Nightfigher's designer has stated that:

The search and sweep radar counters are not intended to recreate actual searches of sectors of sky, as if you were training radar beams on particular portions of the map. The game mechanic does not map to real-world procedures. 

Radar in this era was an inexact tool, and so what I've tried to capture in the mechanic is some of the black art of assembling an air picture from fuzzy information provided by radar. This is very much design for flavour. It is not historical.

This variant strives for a closer approximation to what Freya and Würzburg radar actually provided the nightfigher.

1. Search and Sweep counters are not used.

2. Freya is long-range, early-warning radar. It is the source of pre-scenario intel which is provided to the player: raid size (massive or normal), component (main force or stragglers), and bias (red/left or yellow/right).

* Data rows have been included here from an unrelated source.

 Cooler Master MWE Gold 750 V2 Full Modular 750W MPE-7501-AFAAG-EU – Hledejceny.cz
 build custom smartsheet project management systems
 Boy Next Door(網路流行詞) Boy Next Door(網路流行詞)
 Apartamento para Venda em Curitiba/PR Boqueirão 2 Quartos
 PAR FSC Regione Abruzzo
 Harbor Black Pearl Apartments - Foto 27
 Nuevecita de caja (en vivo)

Freya provides no other information to the nightfighter.

3. Würzburg: Because Freya could not discern altitude, all zones had at least one Würzburg for height-finding (for example, FLAK gunnery radar).

Henaja and Himmelbett zones used dual Würzburgs for fighter guidance: one on the fighter, the other on the target.

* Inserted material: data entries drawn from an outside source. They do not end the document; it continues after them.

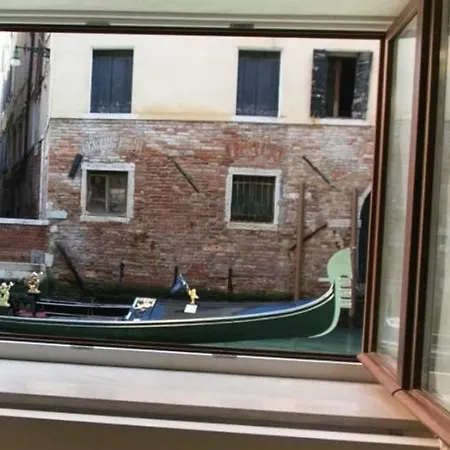 Casa Marco Polo Apartment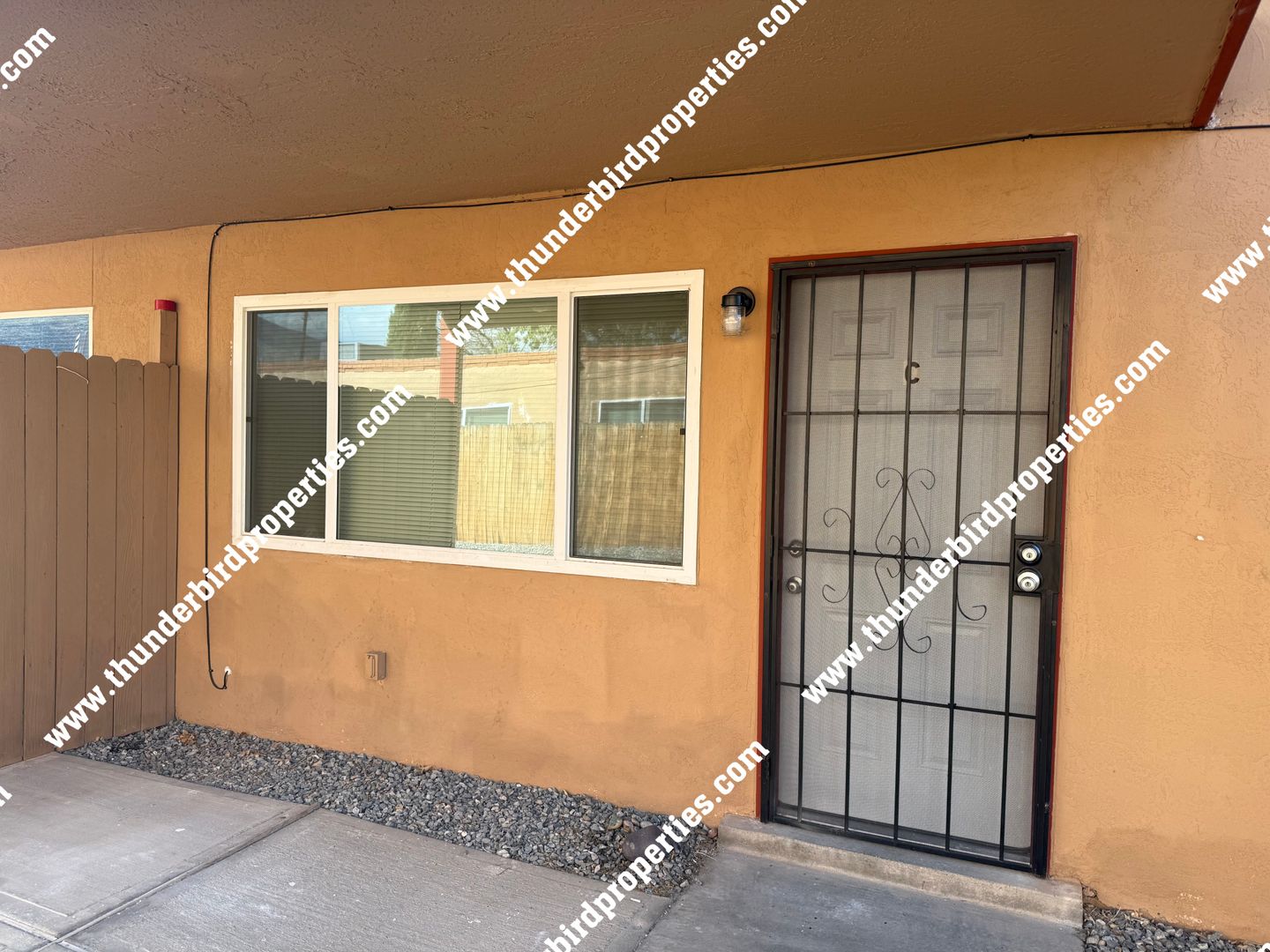 Albuquerque Apartment: 1229 Chelwood Park Blvd NE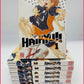 Haikyu!! 1-8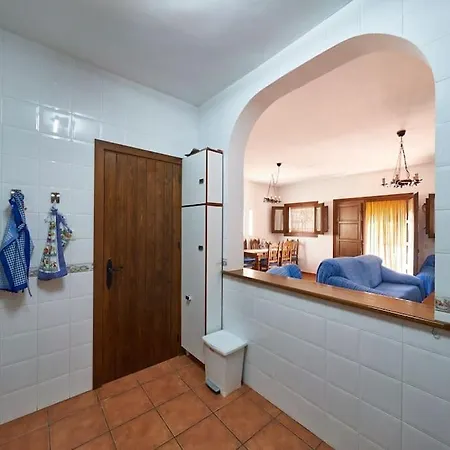 Sotillo E-6-9 Holiday home San Jose (Almeria)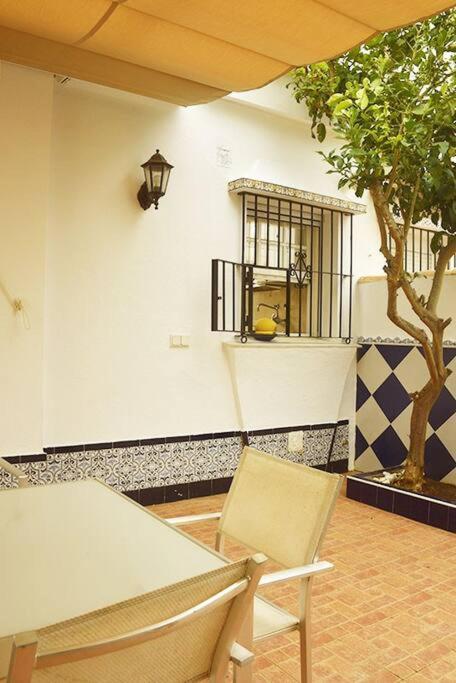 Duplex Torres La Barrosa 3beds - A 700m De La Playa Ferienhaus Chiclana de la Frontera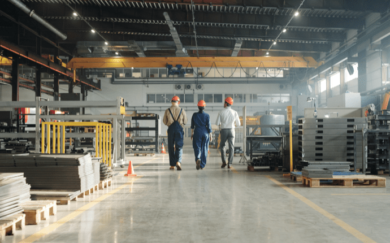 How to survive the holiday season as a manufacturer 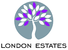 London Estates : Letting agents in Streatham Greater London Lambeth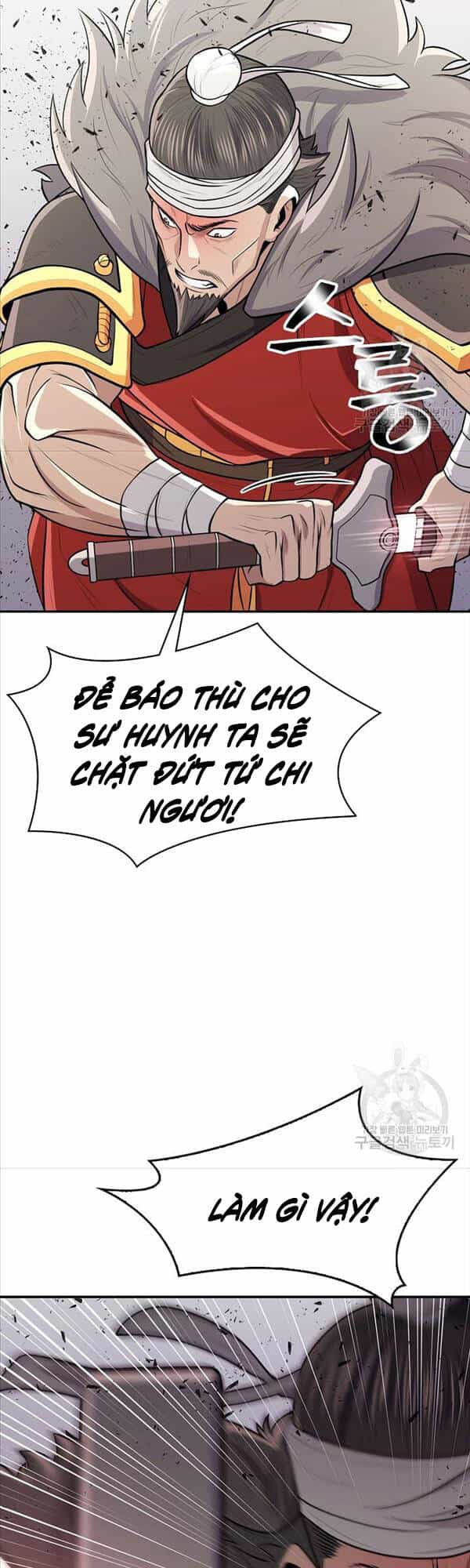 Kiếm Ma Đạo - Chương 4 - ảnh 59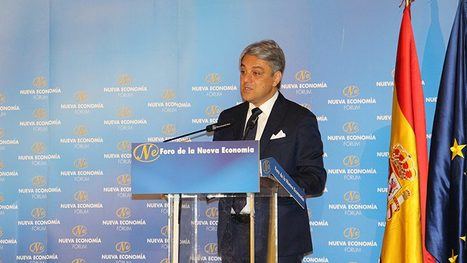 Luca de Meo: “Necesitamos un pacto de Estado que ponga en valor a nuestra industria”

In the Radar Search Phase of Henaja and Himmelbett scenarios, the umpire simply (and accurately) reports the hex distance and the direction from the nightfighter to the nearest bomber on the map.

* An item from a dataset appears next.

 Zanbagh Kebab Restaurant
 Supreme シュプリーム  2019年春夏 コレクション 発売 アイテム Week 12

Direction is given as the "clock" heading relative to the nightfighter's facing. If the direction does not correspond to an exact clock facing, the umpire declares the one clock direction he judges to be closest to the true situation on the board.

Exceptions:

  • If there are no bombers on the map, the umpire reports "no activity."
  • If the nightfighter is within within contact range of any bomber (i.e. within one hex, for Würzburg), the umpire reports only "contact."